Selain itu, birokrasi yang lambat dan hambatan regulasi memperlambat negosiasi perjanjian dagang. IEU-CEPA, yang telah mandek selama delapan tahun (!), terhambat oleh isu akses pasar dan standar lingkungan yang tak kunjung terselesaikan
Untuk meningkatkan daya saing, Indonesia perlu mempercepat negosiasi perdagangan bebas, terutama IEU-CEPA untuk membuka akses bebas tarif ke pasar utama dunia. Pada saat yang sama, pemerintah harus mengatasi masalah produktivitas rendah dan regulasi yang menghambat potensi industri domestik.
Dengan membuka diri untuk perdagangan bebas, Indonesia akan lebih terintegrasi dalam rantai pasok global, sekaligus menarik investasi asing masuk, yang pada akhirnya akan memperkuat sektor manufaktur.
Sejatinya, Indonesia dapat meneladani strategi perdagangan Vietnam. Dari luar, kebijakan proteksionis berbalut retorika nasionalis mungkin tampak melindungi industri dalam negeri, tetapi justru menghambat pertumbuhan karena mengisolasi ekonomi dari pasar global (yang sebetulnya menjadi tujuan ekspor).
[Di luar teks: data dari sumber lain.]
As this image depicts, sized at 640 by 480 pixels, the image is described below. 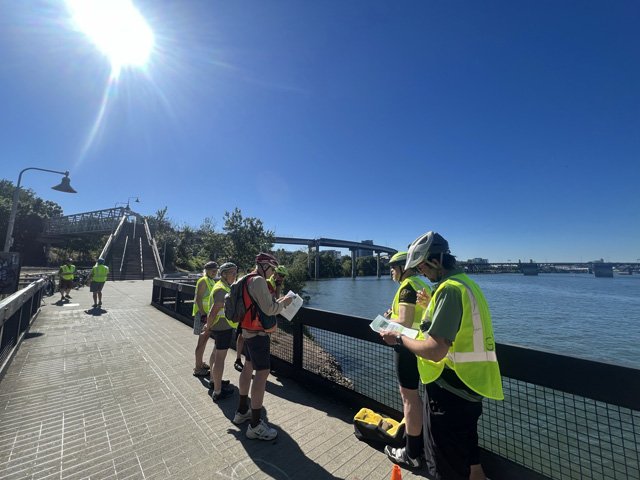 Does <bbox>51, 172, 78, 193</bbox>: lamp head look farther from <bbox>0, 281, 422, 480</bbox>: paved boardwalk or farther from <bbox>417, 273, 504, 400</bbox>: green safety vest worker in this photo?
<bbox>417, 273, 504, 400</bbox>: green safety vest worker

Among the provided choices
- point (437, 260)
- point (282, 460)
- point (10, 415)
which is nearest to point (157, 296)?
point (10, 415)

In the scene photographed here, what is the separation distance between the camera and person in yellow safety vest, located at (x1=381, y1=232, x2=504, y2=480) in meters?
1.64

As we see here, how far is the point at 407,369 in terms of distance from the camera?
263 centimetres

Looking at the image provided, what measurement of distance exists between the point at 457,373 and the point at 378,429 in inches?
61.6

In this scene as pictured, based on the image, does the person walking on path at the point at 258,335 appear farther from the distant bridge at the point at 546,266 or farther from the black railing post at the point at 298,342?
the distant bridge at the point at 546,266

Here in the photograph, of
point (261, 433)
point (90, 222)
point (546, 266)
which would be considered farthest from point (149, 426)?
point (546, 266)

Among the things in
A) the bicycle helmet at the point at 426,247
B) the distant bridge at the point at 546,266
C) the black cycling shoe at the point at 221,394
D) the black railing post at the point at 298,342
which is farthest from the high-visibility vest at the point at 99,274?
the distant bridge at the point at 546,266

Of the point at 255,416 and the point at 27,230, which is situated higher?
the point at 27,230

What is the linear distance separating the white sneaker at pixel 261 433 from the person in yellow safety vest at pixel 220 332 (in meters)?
0.98

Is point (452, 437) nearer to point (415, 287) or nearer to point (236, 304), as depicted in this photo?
point (415, 287)

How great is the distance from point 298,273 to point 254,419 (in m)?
26.1

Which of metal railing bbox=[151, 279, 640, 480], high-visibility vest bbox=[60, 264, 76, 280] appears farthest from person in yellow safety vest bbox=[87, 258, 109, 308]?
metal railing bbox=[151, 279, 640, 480]

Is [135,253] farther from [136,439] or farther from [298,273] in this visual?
[136,439]

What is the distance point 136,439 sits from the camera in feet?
9.62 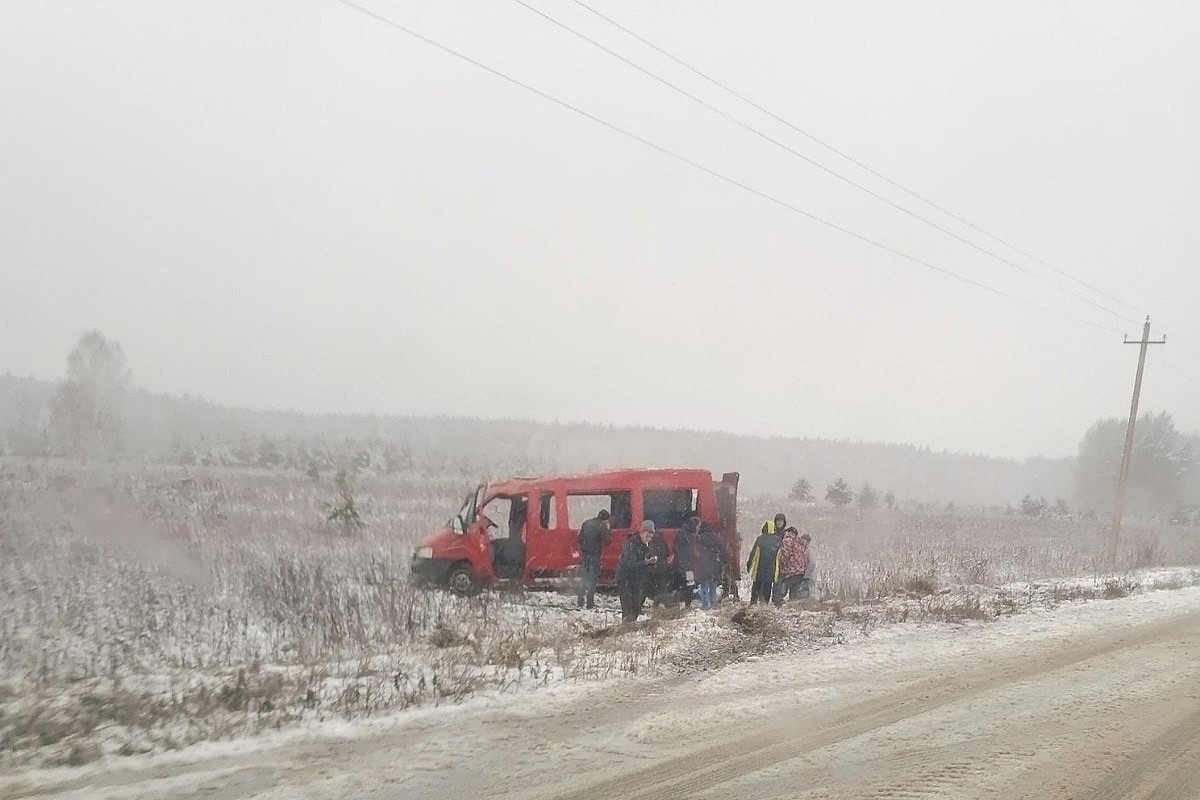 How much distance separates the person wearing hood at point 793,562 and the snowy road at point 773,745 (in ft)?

Perubahan strategi penting untuk memastikan kita tidak tertinggal, sementara negara-negara tetangga seperti Vietnam terus melaju ke depan. Dengan mengadopsi strategi perdagangan yang lebih terbuka, Indonesia tidak hanya bisa mengamankan posisi yang lebih baik di pasar global, tetapi juga memperkuat sektor manufakturnya di jangka panjang.